We meet Pechorin in the story “Bela”. Pechorin met Bela at her sister’s wedding, where he liked this sixteen-year-old girl. “...She was beautiful: tall, thin, black eyes, like those of a mountain chamois, and looked into your soul.” Bela falls in love with Pechorin with all her heart. Two passions collide in her soul - faith and love for Pechorin. The second one wins, and Bela gives herself entirely to love. Pechorin is the only person on earth for her. In essence, that’s how it was. Bela left her home, abandoned the people of her faith, her father died, and her brother disappeared. She is kind, gentle, selfless, but she is only a drop from the sea that can satisfy Pechorin.
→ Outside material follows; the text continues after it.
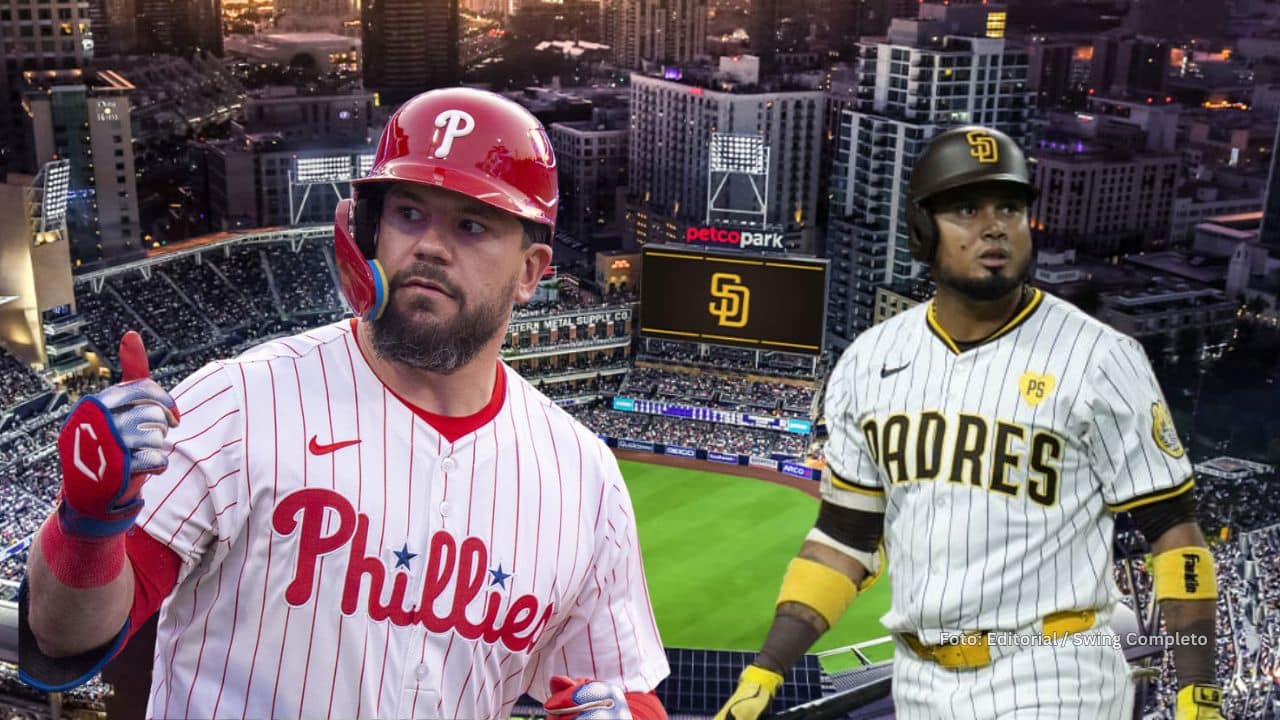 Kyle Schwarber y Luis Arraez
Pechorin was attached to the girl for some time, but then he got bored with it, Bela’s love was not enough for him, his active nature was looking for new entertainment. Bela did not bring him the novelty that he expected from her; she turned out to be the same as everyone else. For Pechorin, “the love of a savage is a little better than love noble lady." The girl suffers deeply, her death is natural, it becomes a deliverance for an abandoned soul. And yet we sincerely feel sorry for this wild and beautiful mountain girl. In the story about Bela, the character of the hero is just beginning to be revealed, but we can already draw some conclusions.
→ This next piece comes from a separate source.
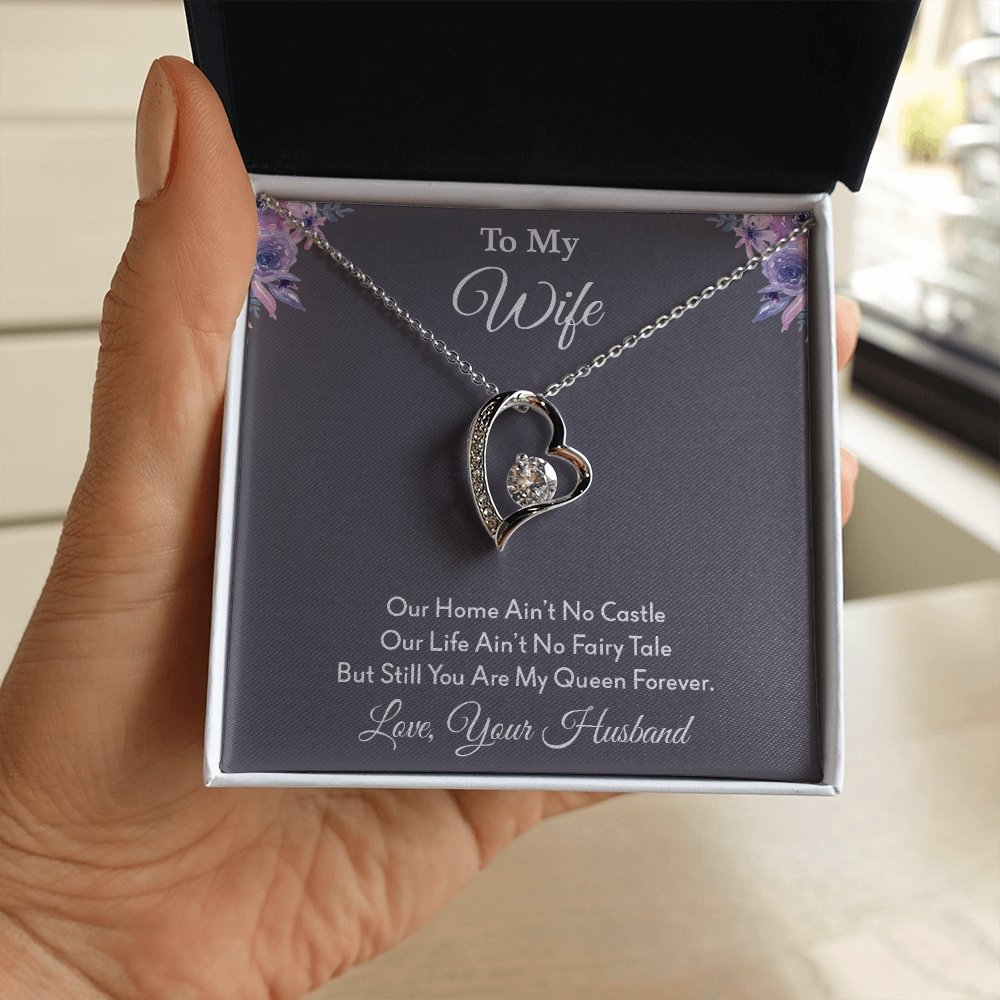To My Wife | Our Home Ain't No Castle | Jewelry | C30025TG, C30025TR, lx-C30025, PB23-WOOD, PROD-2164568, PT-781, TNM-1, USER-43062 | TageUnlimited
Another girl, a young smuggler, is a little like Bela. But it seems so only at first glance. This similarity between the girls is that both of them are not from Pechorin’s circle, not young ladies secular society, so they seem charming and mysterious to him. There is something unknown and mysterious about the smuggler girl, which Pechorin strives for in the hope of getting rid of boredom. She is like a boat in the sea about which she sings a song.

Lermontov pays great attention to the eyes of the “undine,” and they attract Pechorin’s attention. The girl’s eyes emit an unusual light and have “some kind of magnetic power.” “The extraordinary flexibility of her figure, the special, only characteristic tilt of her head, long brown hair, some kind of golden tint of her slightly tanned skin on her neck and shoulders, and especially her correct nose” - all this was, according to Pechorin, charming for him. The savage attracts Pechorin with its novelty and uniqueness, but for him the main thing is another adventure, an escape from boredom. Pechorin feels strength in himself, the ability for real feats, but wastes himself on trifles. Having alarmed the “honest smugglers,” he himself regrets it.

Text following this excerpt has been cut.